First, the Supreme Court held that an SEC disgorgement award must be “for the benefit of investors” to be consistent with 15 U. S. C. §78u(d). Thus, while the Supreme Court did not absolutely bar the practice of the SEC causing disgorged funds to be deposited with the U.S. Treasury (a standard practice employed by the SEC where victims are not easily identifiable), this decision will almost certainly raise the bar for what the SEC must demonstrate before it may obtain disgorgement that is not being returned to identified investors. That could have a particular impact on cases when the SEC’s theory is one of broad-based market harm, as in such cases there is often no attempt to show how individual investors were harmed, let alone which ones.

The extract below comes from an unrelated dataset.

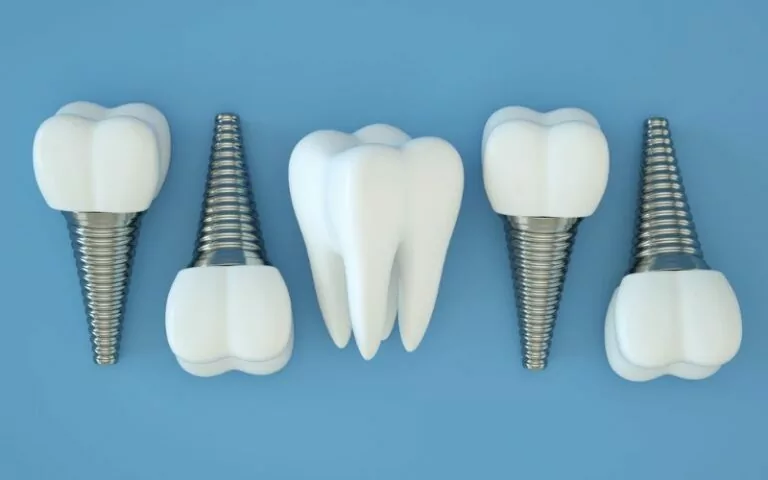 image of dental implants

Second, the Supreme Court raised serious questions about the SEC’s ability to seek disgorgement on a joint and several theory of disgorgement, except in rare cases. While acknowledging that it may be appropriate in a case such as the one before it, where defendants were husband and wife, the Court noted that, in general, specificity will be required to ensure that a given defendant is being disgorged of its own ill-gotten gains. That will require the SEC to focus more specifically on the actual entities or individuals involved in any wrongdoing and the profits earned by each; it should preclude, for example, the SEC from seeking to disgorge from individual defendants trading profits earned by their employers.

Third, the Supreme Court made clear that only “net profits” may be disgorged, as that is the true measure of ill-gotten gains. The Court noted that expenses may not be deductible where the entire profit of enterprise results from the wrongdoing, but held that generally legitimate business expenses must be deducted from any amount to be disgorged. As this has often been a sticking point in negotiations with SEC enforcement staff, the decision will allow defendants concrete ways to argue that any revenues the SEC seeks to disgorge should be offset by legitimate expenses incurred in connection with such revenues.

It will take some time to see how this decision plays out in practice (particularly as to when “legitimate expenses” may be deducted such that a disgorgement amount can be reduced). However, the Court has now set out clear guidance in terms of what it believes the SEC should be seeking to do when pursuing disgorgement, and the focus on equitable principles—namely, that the SEC can seek only net profits from wrongdoing from culpable actors and for victims—is welcome.